What fate awaits Donald Trump after he vacates or is forcibly removed from the White House at noon on January 20, 2021? Federal prosecution is a possibility, although Professor Eric Posner raises questions in a NY Times op-ed yesterday about whether Trump has committed federal crimes and even if so, whether prosecuting him would be politically unwise. There is also a chance that Trump would attempt to pardon himself--which, as Professor Buchanan argued here on the blog yesterday, shouldn't work but we can't say for sure because no prior President has had the audacity to try). Or, as Prof Buchanan also explained, Trump might purport to pardon himself, resign the presidency on January 19, and then receive a pardon from Mike Pence after he's sworn in for his one-day presidency. In this scenario Trump would want to pardon himself first as an insurance policy in the event that Pence double-crosses him by failing to issue the pardon--an admittedly low-probability event, given Pence's eager self-abasement over the last four-plus years and need not to anger the Trump base in the event that Pence makes his own presidential run at some point in the future.

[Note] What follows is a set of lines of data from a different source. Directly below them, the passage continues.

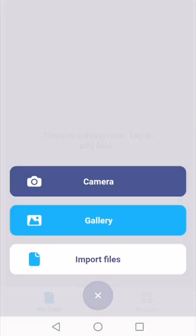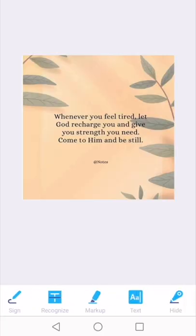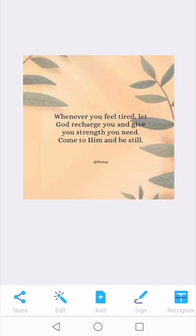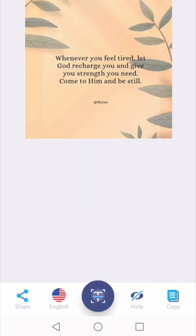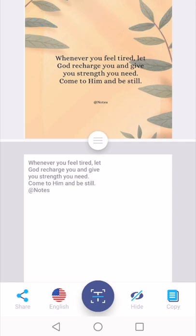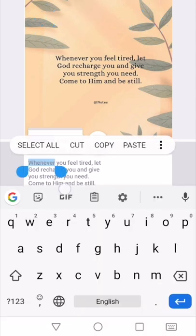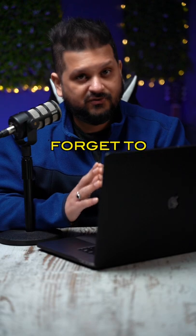You can either choose your camera or existing images from the gallery. Select. Now at the bottom is going to show you different tools. Hit recognize. After hitting the text button, the image is now converted into editable text. You can now copy and paste it anywhere.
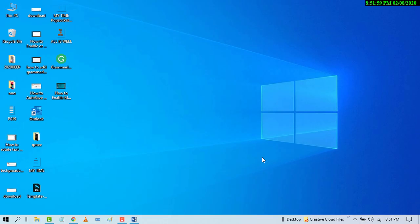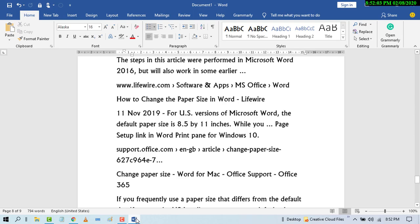So first of all, open MS Word. Now select the text area where you want to underline.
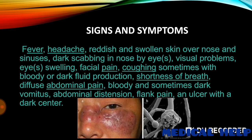Additional symptoms include diffuse abdominal pain, bloody and sometimes dark vomiting, abdominal distension, and flying pain with ulcers that have a dark center.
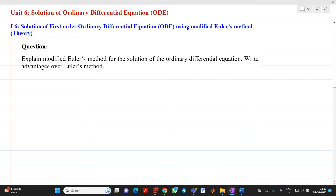Hello friends, my name is Chinmay Deshpande. In this video lecture, we are going to discuss a topic related to the solution of ordinary differential equations. Specifically, we are going to discuss today a theory related to the modified Euler's method.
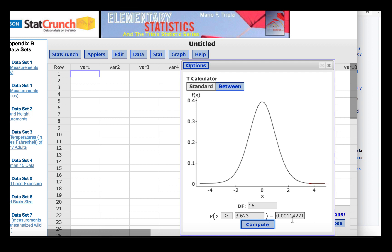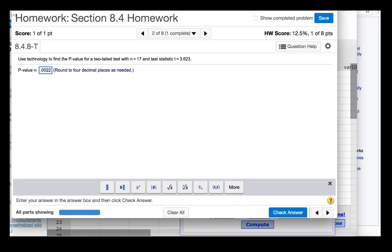So the total p-value will be the sum of those two areas, or in other words, twice the area in one of the tails. So the p-value will be .0022.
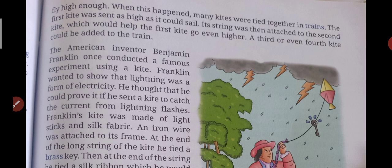Many kites were tied together to make a train, to make the kites fly high in the sky. The American inventor Benjamin Franklin once conducted a famous experiment using a kite. We read about how kites were used. And now this famous inventor, Benjamin Franklin, once completed an experiment on it.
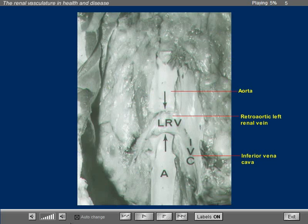This is an anatomical specimen seen from behind, where you can see a retro aortic left renal vein indicated by the two arrows terminating in the inferior vena cava.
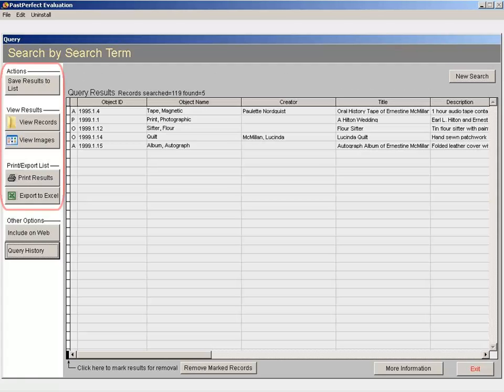You can save the results of your search to a list for later use, view the items in detail, view the associated images, print the results, or export the results to Excel.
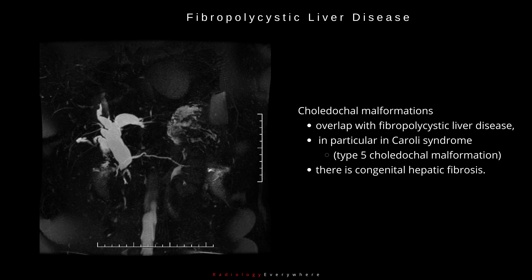Choledocal malformations overlap with fibropolycystic liver disease, in particular in Caroli syndrome, type 5 choledocal malformation, where there is congenital hepatic fibrosis.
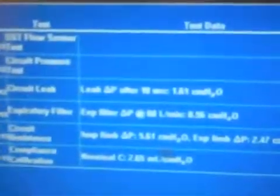Unblock the Y, and my SST is complete. You can see I've passed all my categories. Those numbers that are calculated for leak, expiratory filter, resistance, and compliance will now be saved.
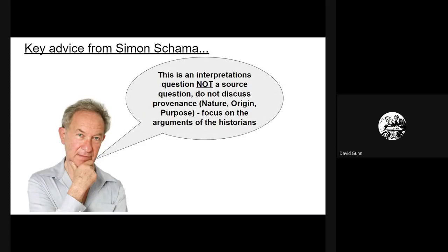As Simon Sharma reminds us, when doing these Section C interpretations questions, it is not a source question. Do not discuss provenance — do not discuss nature, origin, or purpose. You're focusing on the arguments of the historians. Please don't get into 'this one was written before this one' or 'this historian is a Marxist' — that's not the focus. The focus is the argument itself. Do not fall into the trap of trying to answer this like a source question; it's an interpretations question.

Even assuming a legally effective pardon, the lack of evidence of a federal crime, or a political calculation prevents federal prosecution, none of those factors is an obstacle to state prosecution for alleged financial crimes unrelated to Trump's official conduct as President. A presidential pardon does not affect potential state law criminal prosecution; the evidence of state financial crimes would not be vulnerable to whatever weaknesses exist in a potential federal case; and neither New York Attorney General Letitia James nor Manhattan District Attorney Cyrus Vance, Jr. need worry about national political fallout.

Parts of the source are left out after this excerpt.